Ralph Ellison , Invisible Man
In short, it is becoming a matter of urgency to know whether social critique is to be made by virtue of a presupposition that is not at all social (an ontology of Being-tout -court, as it were) or by virtue of an ontology of being-in-common, that is, of the plural singular essence of Being. That is why the subject of “ontology” first of all entails the critical examination of the conditions of critique in general.
Jean-Luc Nancy , Being Singular Plural
End Abstract

Point of Departure

Michel Foucault posits provocatively in the opening moments of his 1977–1978 lectures at the College de France that the transition from what he calls the “pastoral of souls” to the “political government of men”1 poses a particularly difficult problem for thinking:
It should be understood, of course, that I will not try even to sketch the series of transformations that actually brought about the transition from this economy of souls to the government of populations…
It would be interesting to see how these series of insurrections, these revolts of conduct, spread and what effects they have had on revolutionary processes themselves, how they are controlled and taken in hand, and what was their specificity, form, and internal law of development. Well, this would be an entire field of possible research.2
This text assumes that there is indeed an “entire field of possible research” in the offing and this project endeavors to follow the exhortation from Ralph Ellison’s Invisible Man employed as the epigraph here and “slip into the breaks and look around.” I intend to take Foucault seriously in two important ways: first to posit that transition between subject positions is an identifiable phenomenon and second, in contradistinction to Foucault, to take up the “series of transformations” he identifies as the central point of inquiry of this effort.
Axiomatically, I am fairly comfortable in asserting that two objects cannot occupy the same “space,” and from that point of departure it is clear that if something like a master and a slave exist (as exemplar of oppositional subjects), they cannot in substance be “the same,” so therefore there must be a “space” between them. Alain Badiou, in his text Being and Event , approaches this imperative by asserting:
The central principle of this type is the Leibnizian principle of indiscernibles: there cannot exist two things whose difference cannot be marked. Language assumes the role of law of being insofar as it will hold as identical whatever it cannot distinguish.3
From that assertion it is therefore important to wonder at whether the space between these subjects is empty or is itself a “type” of subjectivity or is altered by its occupation by the subject in transition, however fleeting the moment. If it is the former the analysis in many ways becomes fairly simple: a subject goes from subjectivity a to subjectivity b with no discernible or describable content of Being in the transitional space from one existence to the other. The second option would seem to be of more complex nature in that if there is “something” between these subject positions that is more of a “thing” than “nothing,” then the challenge is to determine what makes up this place of transition and what becomes of the subject during the process.
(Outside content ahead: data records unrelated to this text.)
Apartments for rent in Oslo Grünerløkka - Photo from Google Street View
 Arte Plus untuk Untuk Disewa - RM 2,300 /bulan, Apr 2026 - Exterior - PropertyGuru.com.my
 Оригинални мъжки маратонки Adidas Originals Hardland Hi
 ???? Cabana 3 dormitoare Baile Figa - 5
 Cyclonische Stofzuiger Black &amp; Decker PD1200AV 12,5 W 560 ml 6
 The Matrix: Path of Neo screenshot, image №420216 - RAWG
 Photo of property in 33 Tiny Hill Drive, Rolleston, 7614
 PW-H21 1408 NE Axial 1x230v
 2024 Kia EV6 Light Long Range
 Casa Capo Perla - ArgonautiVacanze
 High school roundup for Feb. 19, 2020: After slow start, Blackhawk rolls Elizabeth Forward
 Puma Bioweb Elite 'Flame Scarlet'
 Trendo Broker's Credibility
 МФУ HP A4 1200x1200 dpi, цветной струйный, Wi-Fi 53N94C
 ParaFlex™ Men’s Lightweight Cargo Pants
This represents one set of issues but there is an additional problem to consider that is closely related to the question regarding the “durability” of the transitional figure or space. The question is whether the figure that I reference with the title of this text (homo liminalis) is the “third figure” in the room or whether it represents the place “between” figures that are more traditionally understood, defined, and therefore discernible. It is central to the argumentation of this project that there is another subject position between what are the extreme actors (master and slave) that are canonically positioned as the central players in dialectical thinking; this figure, that I label as Elemental, proves essential in building the architecture of this argument but is definitively not the homo liminalis.
Foucault’s Lecture 9 remains important here as it illuminates a space for thinking in this manner. He proposes that:
…the function that philosophy had effectively disappeared in the Middle Ages that is to say philosophy as the answer to the fundamental question of how to conduct oneself. What rules must one give to oneself in order to conduct oneself properly in daily life, in relation to others, in relation to those in authority, to the sovereign or the lord, and in order to direct one’s mind as well, and to direct it in the right direction, to its salvation certainly, but also to the truth.4
In thinking with Foucault it is my contention that in proposing that there is a way of conducting oneself unique to various subjects (the sovereign or lord and or “others”) we seem to have located the existence of a being that has decisions to make. Foucault’s decision to leave unexamined the trace between subject positions imbeds a structural problematic that renders the transitional term (homo liminalis) absent from his interrogation though present in his thinking as well as a mediating subject between extremes. This is principally based on the notion that the exegesis of the “series of transformations” will illuminate not just points of unstable transition (homo liminalis) but a stable middle existence (Elemental Being) between extremes. We can note this in the passage quoted above that situates the sovereign as the “other” to which all must relate leaves no space for what I would insert into Foucault’s list of possible ways in which to conduct oneself: that of the subaltern to the “altern” where the “altern” is the stable existence between a sub- and mega-form of Being, and the subaltern to the sovereign or lord. However, by imagining that the distance between the sovereign and the subaltern can be left unexamined, the middle term that allows for the separation between the two is “lost” as is the point of transition between the points of separation.
The opening moments of this argument necessitate an explanation of the architecture that I imagine represents the structure of Western societal order as it relates to broad typologies of subjectivity as an interlocking series of observation-based presuppositions.

Presupposition #1

The Abject and the Exalted exist opposite one another yet elicit similar response upon their observation. In order to provide a more capacious framework: the Exalted will serve as the category of which the sovereign is a specific typology and the Abject, the category that includes the slave, as one example of a type of subaltern being.
The first question that confronts this assertion is whether the two are directly confronting one another. Stated differently, do the two “touch” one another under the terms of this oppositional relationship depicted here (Fig. 1.1)?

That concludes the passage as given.